ECLI:NL:RBZUT:2005:AT7142
Rechtbank Zutphen
- Eerste aanleg - meervoudig
- A. van Harreveld
- J. van der Hooft
- M. van Hoorn
- Rechtspraak.nl
Medeplegen van overproductie van dierlijke meststoffen bestraft met een deels voorwaardelijke geldboete
In deze zaak heeft de Rechtbank Zutphen op 8 juni 2005 uitspraak gedaan in een strafzaak tegen een besloten vennootschap, die werd beschuldigd van het medeplegen van overproductie van dierlijke meststoffen. De verdachte had in de jaren 1999, 2000, 2001 en 2002 in Laren, gemeente Lochem, opzettelijk de productie van dierlijke meststoffen van pluimvee uitgebreid, terwijl de productie op haar bedrijf groter was dan de toegestane hoeveelheid van 125 kilogram fosfaat per hectare per jaar. Dit gebeurde op meerdere bedrijven, gelegen aan verschillende straten, en leidde tot overtredingen van artikel 55 lid 1 van de Meststoffenwet.
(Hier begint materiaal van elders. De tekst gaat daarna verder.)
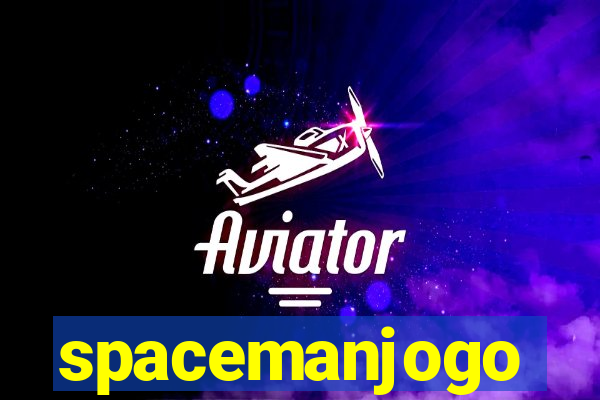 spacemanjogo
De rechtbank oordeelde dat wettig en overtuigend bewezen was dat de verdachte zich schuldig had gemaakt aan de ten laste gelegde feiten voor de jaren 1999 en 2000. Voor de jaren 2001 en 2002 kon de verdachte niet worden vervolgd, omdat niet aan alle bestanddelen van de wet was voldaan. De rechtbank legde een deels voorwaardelijke geldboete op van € 15.000,--, waarvan € 10.000,-- niet ten uitvoer zou worden gelegd, tenzij de verdachte zich binnen een proeftijd van twee jaar opnieuw schuldig zou maken aan een strafbaar feit.
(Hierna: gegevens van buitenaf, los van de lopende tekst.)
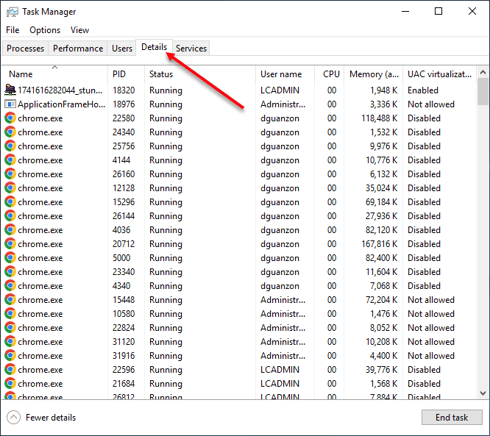 TaskManagerDetailsTab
Bij de straftoemeting hield de rechtbank rekening met de ernst van de feiten, de schade aan het milieu door overbemesting, en de lange termijn tussen de pleegperiode en de berechting. De verdachte had geprobeerd de illegale praktijken te verdoezelen door onjuiste registratie van gegevens, wat leidde tot het ontlopen van heffingen. De rechtbank vond dat de verdachte zich bewust had blootgesteld aan de kans op overproductie, ondanks haar pogingen om de AID in te lichten over mogelijke gevolgen. De rechtbank achtte een hogere straf dan door de officier van justitie gevorderd passend, gezien de omstandigheden van de zaak.